[Extracted entries]

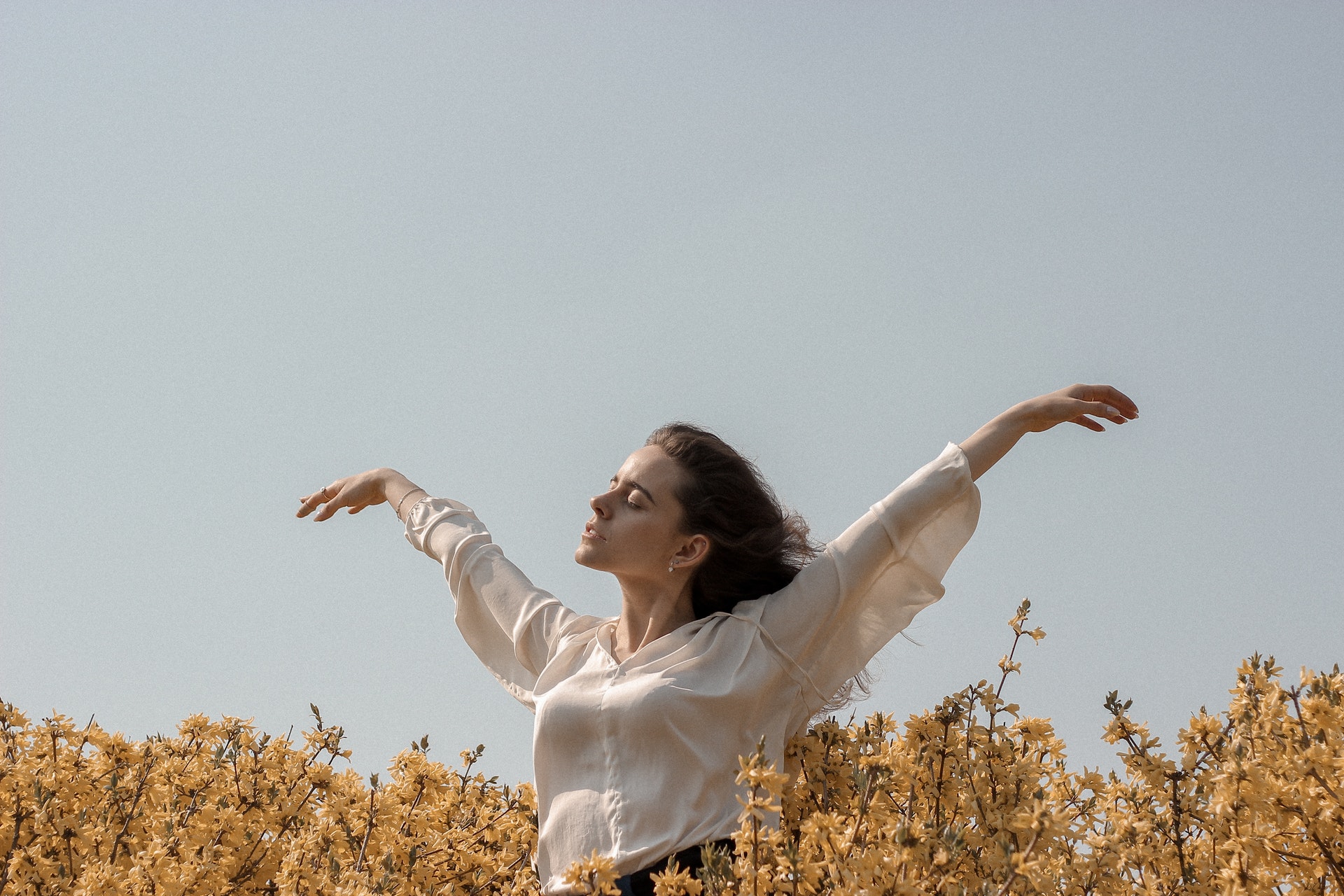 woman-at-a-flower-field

[/Extracted entries]
[Extracted entries]

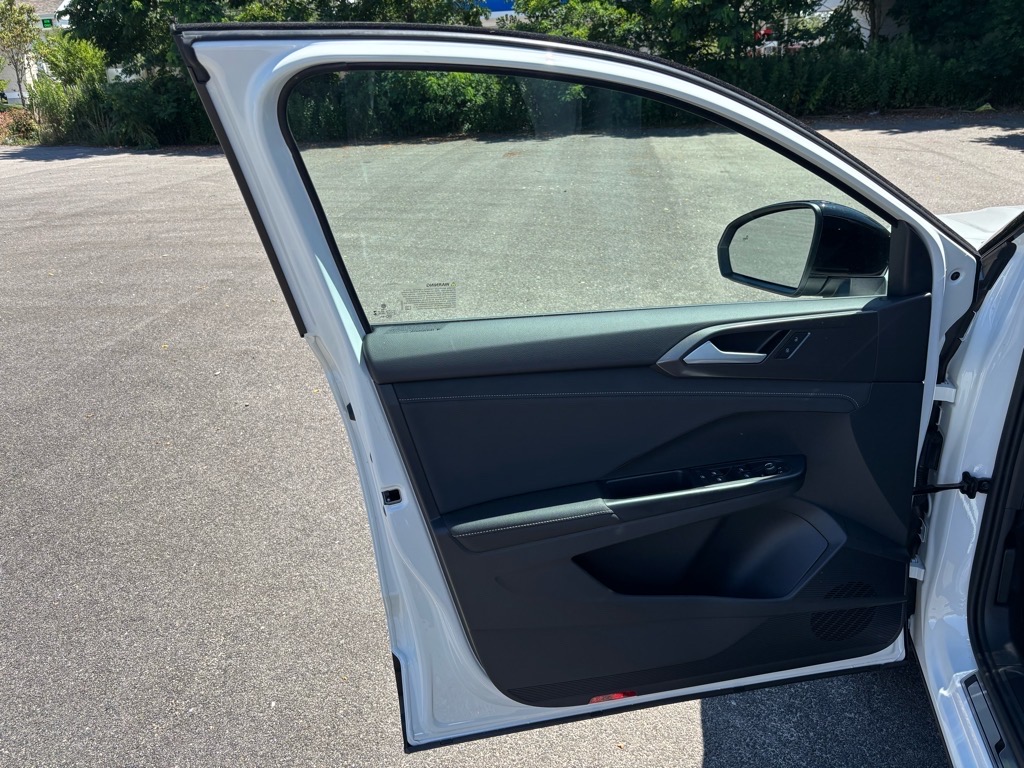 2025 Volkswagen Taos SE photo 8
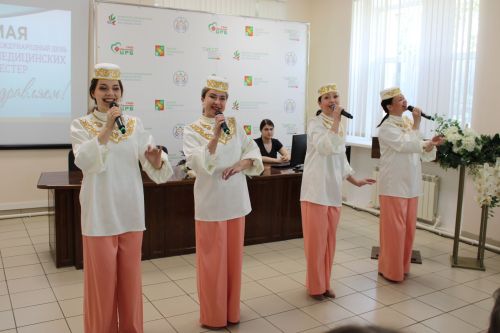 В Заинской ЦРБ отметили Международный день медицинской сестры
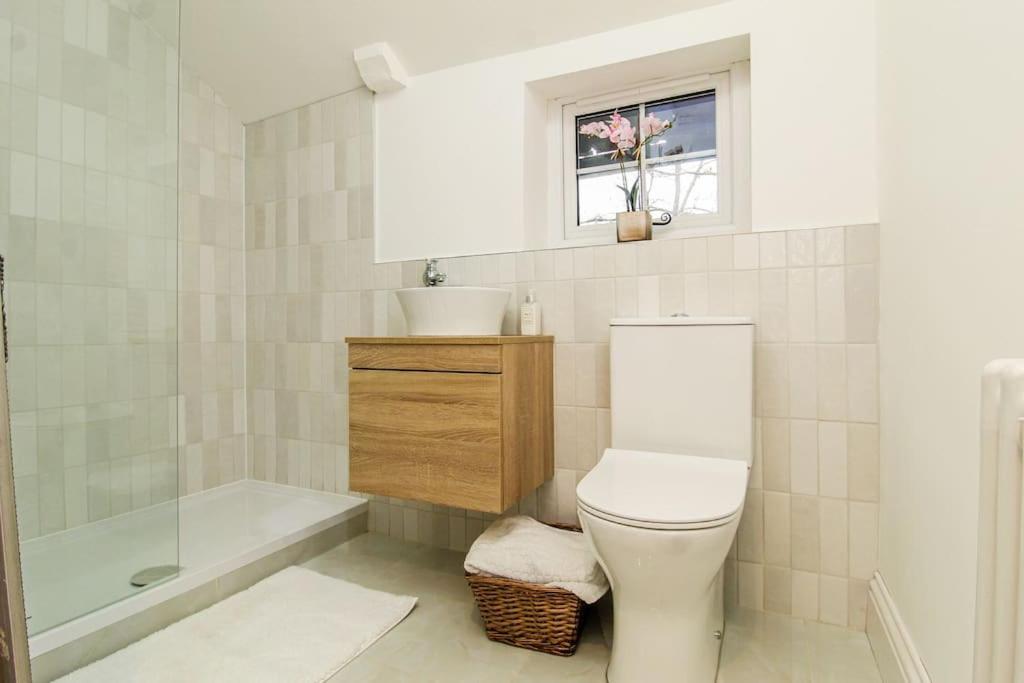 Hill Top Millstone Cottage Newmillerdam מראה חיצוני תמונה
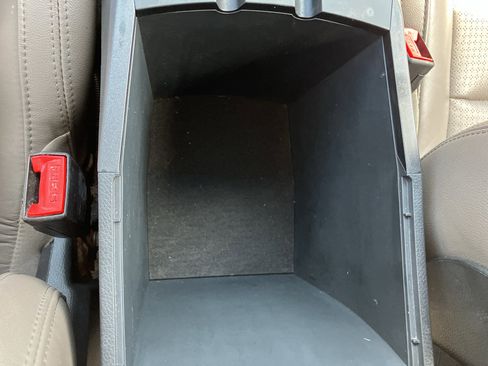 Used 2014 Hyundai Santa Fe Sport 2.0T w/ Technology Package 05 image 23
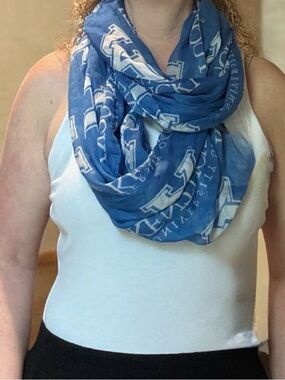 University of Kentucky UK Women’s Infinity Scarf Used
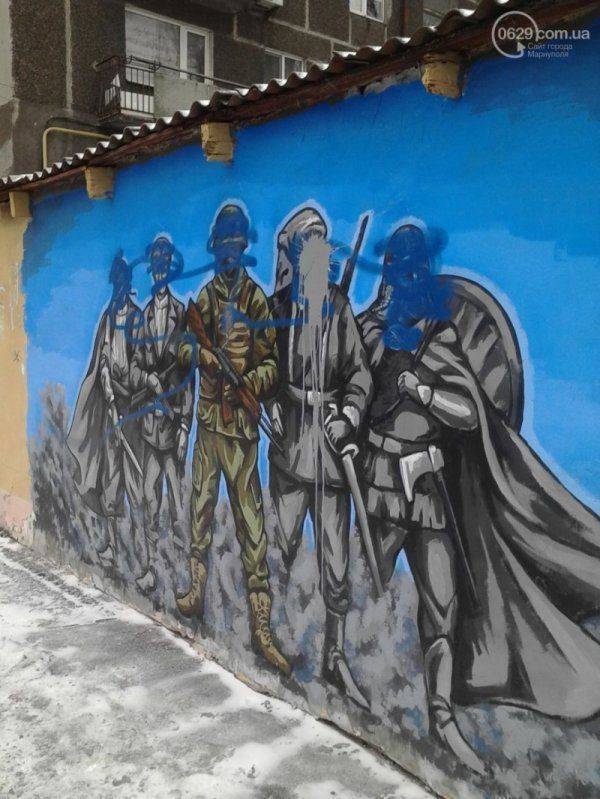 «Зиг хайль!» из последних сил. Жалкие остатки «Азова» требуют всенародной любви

[/Extracted entries]

* _What to work on_: Above are some records. Reproduce the lines from the one with "2025 Volkswagen Taos SE photo 8" down to the one with "требуют всенародной любви", keeping both, and leave every picture out.

* _Answer box_:
 2025 Volkswagen Taos SE photo 8
 В Заинской ЦРБ отметили Международный день медицинской сестры
 Hill Top Millstone Cottage Newmillerdam מראה חיצוני תמונה
 Used 2014 Hyundai Santa Fe Sport 2.0T w/ Technology Package 05 image 23
 University of Kentucky UK Women’s Infinity Scarf Used
 «Зиг хайль!» из последних сил. Жалкие остатки «Азова» требуют всенародной любви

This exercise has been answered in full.